Commentary Prepared by Dr. Julia Lenaghan, Ashmolean Museum
C 209
Menander. Philadelphia
Portrait head of the poet Menander (ca. 340-290 BC). Roman period work based on an early third century statue in Athens by Kephisodotos and Timarchos, sons of Praxiteles.
Marble
Head
40 cm
From Montecelio (Lazio). Formerly in the Edward Warren collection at Lewes House, Sussex.
United States, Philadelphia, University Museum
Roman period head based on an original of the early third century
Preservation:The head was made for insertion. There is a chip at the neck’s right edge and the front edge of the neck is abraded. The rims of both ears are missing. The left eyebrow and the tip of the nose are chipped.
Description:The head, created for insertion into a statue, bust, or herm, depicts a clean-shaven man with long receding hair who turns to his right. He appears to be in his 40s or 50s.
The face has a long oval shape. The brow is tall. The upper portion of it features two parallel creases and the lower portion of it protrudes. At the juncture of brow and nose there are vertical lines of contraction. The eyebrows are heavy and hood small, deep-set eyes. There are crow’s feet (wrinkles) at the outer corners of the eyes. The nose is long and slightly aquiline in profile. The naso-labial folds are pronounced. The mouth has shapely, lightly parted lips. The upper lip has a central dip. The lower lip is full and projects which creates a recession below it. The chin is strong and almost has a cleft. The neck has a pronounced Adam’s apple and features creases, denoting tendons and wrinkles that result from a slim physique and the turn of the head.

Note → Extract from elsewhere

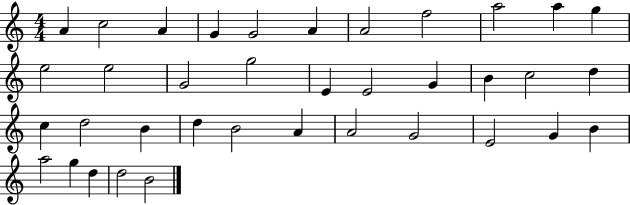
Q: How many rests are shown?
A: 0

The hair is rendered in long gently waving locks. On the right side of the head the locks are combed forward from the crown and the back of the head. On the left side of the head, the locks drop down from the crown or are brushed from the front backwards. Over the brow, there is a long S shaped lock that begins at the behind the left corner of the brow and continues forward, ending just to the right of center (at which point it twists slightly back to the left). At both corners of the brow the hair recedes.
Discussion:This portrait head, found in a Roman villa in Lazio with other fragmentary decorative sculpture, represents Menander (342/1-293/2 BC), the most famous New Comedy poet. Menander was extremely popular throughout the Roman period. At least seventy-one copies of his portrait have been recorded. (A head on the art market, see cat. 00-57, would bring the total to seventy-two). Although the portrait type was once thought to depict Vergil, several inscribed representations decisively associate the type with Menander.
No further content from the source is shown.